TIMMINS -- Lawn owners are welcome to slack on their lawn care this month, dubbed by the Nature Conservancy of Canada as 'Slow Mow May.'

The organization's media relations director said delaying your spring lawn trim or taking more time than usual to mow your lawn can give pollinating insects a running start to the season.

"Our lawns can be very important for nature, in terms of helping pollinators," said Andrew Holland. "By letting the flowers bloom on your lawn, including dandelions, you can provide an important source for nectar and pollen for wild bees, butterflies, and other pollinating insects."

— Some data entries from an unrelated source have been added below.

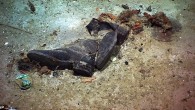 Newly-released photos show the haunting images of Titanic victim’s clothing lining the bottom of the ocean floor 100 years after the New York-bound ship sank in the North Atlantic. A 2004 photograph, released to the public for the first time […]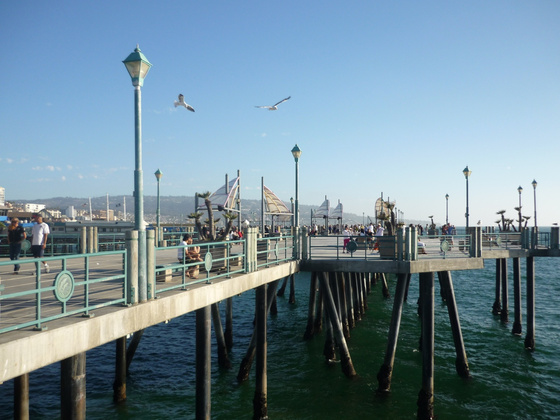 Redondopier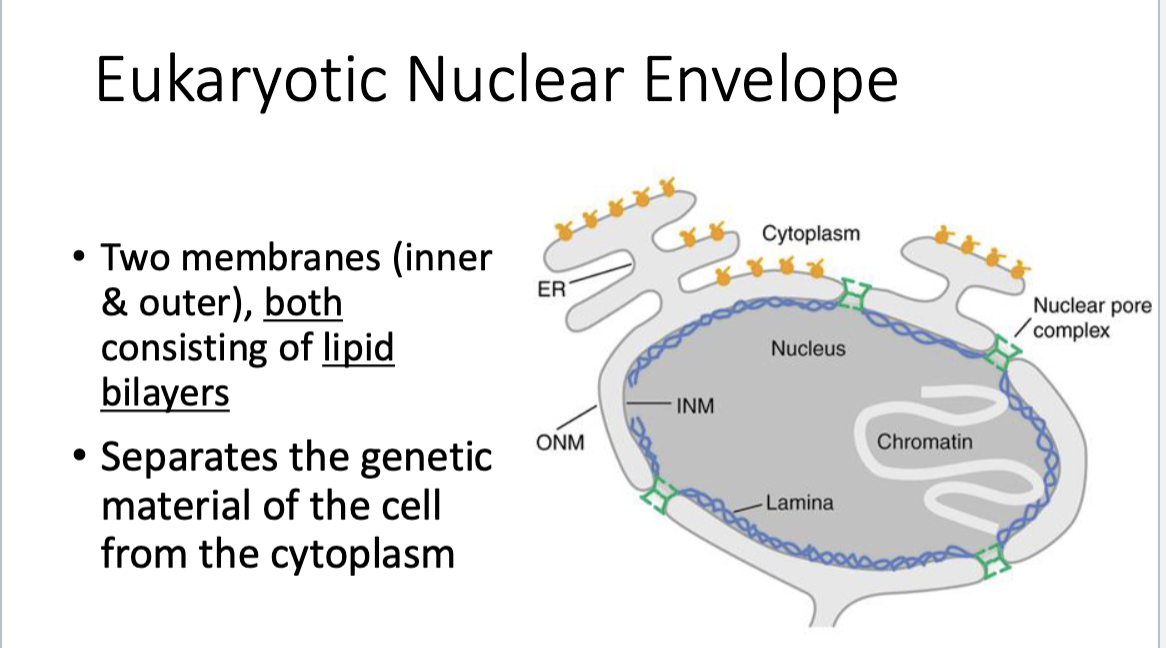 <p>nuclear pore complexes!! —> highly regulated process that allows thing into nucleus </p>
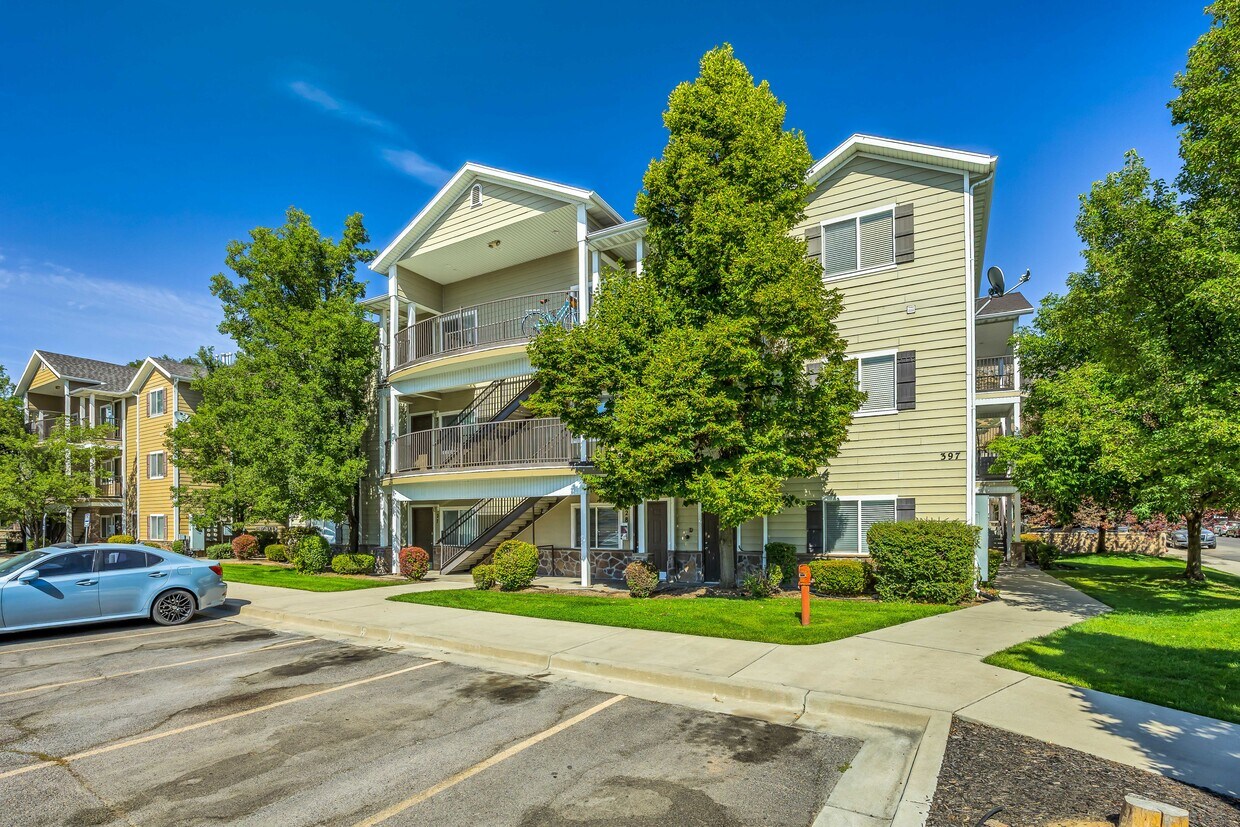 Foto principal - Cedar Street Holdings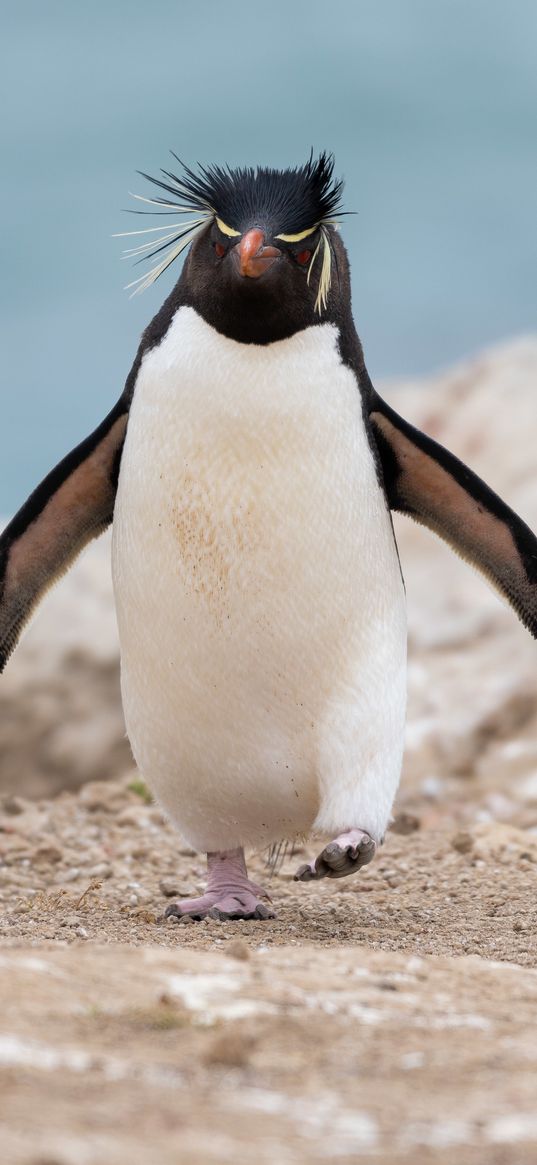 penguin, animal, funny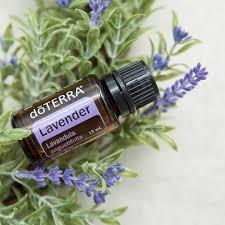 Lavender Doterra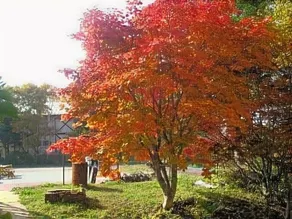 Pension Shiroi Tsubasa - Image 3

Holland also encourages people to stomp around their lawns before revving the mower or trimmer, to give the insects a chance to scurry away.

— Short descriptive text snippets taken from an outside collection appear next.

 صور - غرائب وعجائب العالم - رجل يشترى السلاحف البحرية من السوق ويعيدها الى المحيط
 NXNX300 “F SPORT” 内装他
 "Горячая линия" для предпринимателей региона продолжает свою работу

Communities usually have length limits for residential lawns, but he said posting and slowing your mow as much as possible can do wonders in supporting the pollinator population.

Reversing declining pollinator population

The population of pollinating insects, like bumblebees and wild bees, has been declining in Canada, particularly in Ontario, and so Holland said every home with a lawn or garden has a role to play in replenishing it.

The City of Timmins is a certified 'Bee City,' which comes with a commitment to protect these insects — and the city's environmental coordinator, Christina Beaton, said residents can participate by giving bees and butterflies the tools they need to do their jobs.

"Dandelions and the first flowering plants are the first food for the pollinators," Beaton said. "Anything that you can do to bring flowers and bring pollinators to the city is beneficial and every small impact makes a large impact if we're all doing it together."

Steps like planting a small garden and reducing the use of pesticides are important as well, she said.

A year-round effort

Lawn care — or a slight lack thereof — is a great place to start getting into the eco-friendly spirit, she said, but the key is also making adjustments throughout the year.

"The important thing is to plant flowers that will bloom in all three seasons so that we're supporting pollinators throughout all of the seasons," Beaton said.